Activity> All lines from the one containing "Antique Chantilly Lace Rectangular Shawl" through the end of the data below are to be transcribed exactly. Leave out the rest.

Record set>
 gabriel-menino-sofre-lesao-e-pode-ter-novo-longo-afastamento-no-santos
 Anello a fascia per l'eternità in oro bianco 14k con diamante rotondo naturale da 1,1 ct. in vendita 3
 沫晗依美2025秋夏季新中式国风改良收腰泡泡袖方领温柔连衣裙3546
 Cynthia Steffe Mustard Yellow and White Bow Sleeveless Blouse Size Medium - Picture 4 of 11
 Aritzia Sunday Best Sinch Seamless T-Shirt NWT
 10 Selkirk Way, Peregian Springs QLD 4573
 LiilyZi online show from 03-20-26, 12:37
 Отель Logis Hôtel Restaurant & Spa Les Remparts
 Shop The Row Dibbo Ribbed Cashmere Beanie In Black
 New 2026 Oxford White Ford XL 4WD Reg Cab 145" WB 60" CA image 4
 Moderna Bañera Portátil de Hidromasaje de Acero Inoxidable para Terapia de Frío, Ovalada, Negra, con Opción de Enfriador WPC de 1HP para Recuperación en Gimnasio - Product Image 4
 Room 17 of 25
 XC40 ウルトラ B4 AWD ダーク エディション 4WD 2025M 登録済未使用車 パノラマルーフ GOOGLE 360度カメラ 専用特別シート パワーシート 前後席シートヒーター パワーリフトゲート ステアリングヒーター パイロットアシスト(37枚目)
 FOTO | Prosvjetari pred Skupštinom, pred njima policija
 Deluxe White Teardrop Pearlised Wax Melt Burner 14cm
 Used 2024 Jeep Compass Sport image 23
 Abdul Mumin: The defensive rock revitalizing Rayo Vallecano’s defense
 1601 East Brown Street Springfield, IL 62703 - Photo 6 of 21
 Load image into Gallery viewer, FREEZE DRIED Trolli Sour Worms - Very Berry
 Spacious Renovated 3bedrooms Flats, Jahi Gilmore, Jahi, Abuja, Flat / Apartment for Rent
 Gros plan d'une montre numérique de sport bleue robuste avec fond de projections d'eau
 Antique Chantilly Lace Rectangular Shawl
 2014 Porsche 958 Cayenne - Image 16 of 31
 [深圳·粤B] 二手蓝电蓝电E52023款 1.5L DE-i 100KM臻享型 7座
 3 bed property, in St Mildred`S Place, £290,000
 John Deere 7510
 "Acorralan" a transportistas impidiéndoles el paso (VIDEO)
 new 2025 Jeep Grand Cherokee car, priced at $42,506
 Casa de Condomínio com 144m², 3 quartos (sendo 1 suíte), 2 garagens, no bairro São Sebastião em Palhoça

Solution>
 Antique Chantilly Lace Rectangular Shawl
 2014 Porsche 958 Cayenne - Image 16 of 31
 [深圳·粤B] 二手蓝电蓝电E52023款 1.5L DE-i 100KM臻享型 7座
 3 bed property, in St Mildred`S Place, £290,000
 John Deere 7510
 "Acorralan" a transportistas impidiéndoles el paso (VIDEO)
 new 2025 Jeep Grand Cherokee car, priced at $42,506
 Casa de Condomínio com 144m², 3 quartos (sendo 1 suíte), 2 garagens, no bairro São Sebastião em Palhoça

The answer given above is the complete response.